How to write AI skills for your job: 8 mistakes to avoid

By Gabriel Ceicoschi

June 17, 2026

Claude Code AI Agents AI Instructions AI Development Environment No-Code AI Development AI for Non-Engineers Developer Productivity AI Agent Builder
AI skill tiles snapping together, one glowing coral piece clicking into place, on a cream background with circuit traces.

A skill is a small set of instructions you give an AI assistant once, so it does a task your way every time after that. A harness is the bigger setup around it: the rules, the memory, the agents that run in the background. Think of a skill as a recipe card and the harness as the whole kitchen.

You don't need to be an engineer to build either one. I am one, and I still got most of this wrong for months.

This year I built over 50 skills and custom harnesses for my own work. Content, research, sales, analytics, things far outside what I know how to code. I won't pretend I found a secret recipe. I'd be lying. But I can tell you the mistakes I kept repeating and what fixed each one. Steal the fixes.

Three out of four knowledge workers use AI now. Most of them use it to ask. Almost none of them use it to build, to make the tool do their specific job the same way every time. That gap is the whole opportunity.

If you've never built a skill, skip to the bottom first. There's an easy on-ramp that needs none of this.

1. How should you start building an AI skill?

My first skills were me typing rules into an empty document, guessing what the AI needed. They were bad.

Now every skill starts as a conversation. I open a Claude Opus session, describe what I want in plain words, and brainstorm the whole thing out loud before I write a single instruction. The model asks better questions than my blank page ever did. By the time I write the skill, I already know what it should say.
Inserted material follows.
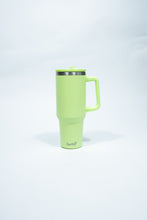 Cargar imagen en el visor de la galería, Travel Tumbler Verde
Talk it through first. Write it down second.

2. What should an AI skill actually contain?

A skill is not complicated. Mine got complicated because I thought more rules meant more control. The opposite was true.

Every skill I build now has four parts, and only four:

  • What the task is and what "done" looks like
  • The instructions to get there
  • The tone of voice it should use
  • The shape of the output

That's the whole anatomy. Keep it stupid simple. If you can delete a line and the skill still behaves, delete it.

There's hard evidence for this. Skills load in layers, a design Anthropic calls progressive disclosure: only a one-line description sits in the AI's memory all the time, and the full instructions load only when your task matches (Anthropic Agent Skills docs). So every extra line you cram in is weight the tool carries whether it needs it or not. A February 2026 ETH Zurich study put numbers on it: auto-generated, bloated instruction files cut task success by up to 2% while inflating costs over 20% (Gloaguen et al.). More rules made it dumber and pricier.

3. How do you give an AI skill expertise you don't have?

Some skills need knowledge I don't carry. How to run a market analysis. How to read sales data. How to structure a legal review. My instinct was to wing it, and the AI happily winged it with me.

Now, when a skill needs expertise outside my lane, I don't guess. I ask Claude to write me a deep-research prompt to find the gold standard on that topic: the real frameworks, the credible articles, the existing skills that already do it well. I run that research, then I distill the findings into a reference file the skill reads from, usually a method.md or framework.md.

The skill stays small. The expertise lives next to it. (There's a ready-made research prompt at the end of this article you can use for exactly this.)

4. What belongs in CLAUDE.md, and what doesn't?

My harness file got huge. Every instruction, every edge case, every bit of context, all in one place. The AI drowned in it.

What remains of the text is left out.